US clothing sales rose 3% in 2016 to reach $218.7 billion, the biggest gain since 2013, according to market research firm NPD Group. Online was a key driver of that growth. Ecommerce spending made up 19% of total US clothing sales last year, compared with 11% in 2011, NPD data showed.
Amazon was perhaps the best highlight of that. The online giant has been moving rapidly in the apparel space, hosting Fashion Week events and reportedly planning additional private label apparel lines. On its jobs site, it’s currently looking to fill over 100 open fashion positions and said its “fashion properties,” which also include Shopbop and East Dane websites, represent one of its fastest-growing units.

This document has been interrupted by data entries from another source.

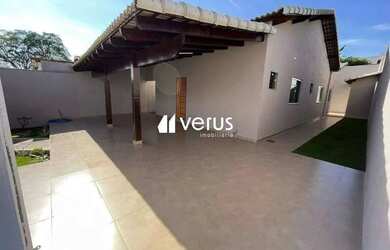 Imagem: A casa possui 3 Dormitórios, 2 Banheiros, 2 Vagas na garagem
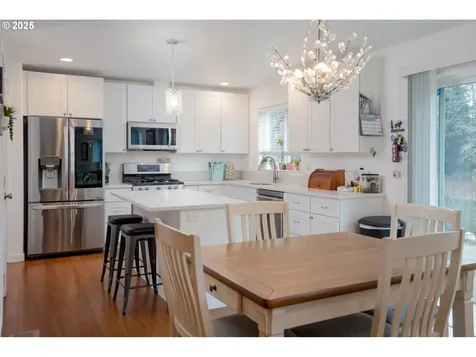 17 NW Kalmia Avenue Warrenton OR 97146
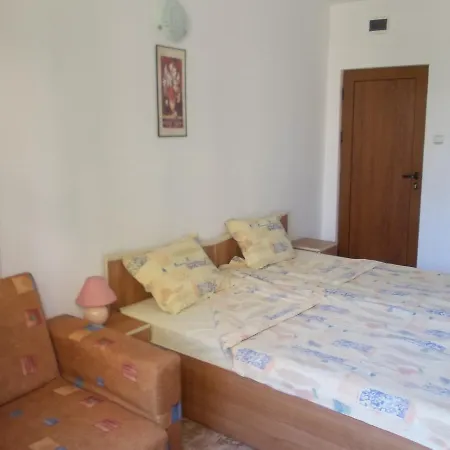 Elsi Sea Housе 3* Nessebar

(Morgan Stanley said in a May 2016 report that Amazon was already the No. 2 U.S. apparel seller behind Walmart and could see its share of the overall U.S. apparel market increasing to 19% by 2020 from about 7%.)
Within the brick-and-mortar space, off-price retailers were a bright spot, NPD said. The notable winner there was T.J. Maxx and Marshalls parent TJX Cos. TJX reported a 6% comparable sales gain during the holiday quarter, compared to declines at retailers from Victoria’s Secret and Gap brand to Macy’s and Nordstrom.
Style-wise, NPD’s data showed that the athleisure trend, which has been embraced by retailers from Forever 21 on the low end to Chanel on the high end, still has legs: Athleisure-styled clothing sales jumped 11% last year to $45.9 billion, representing more than one-fifth of the total U.S. apparel market.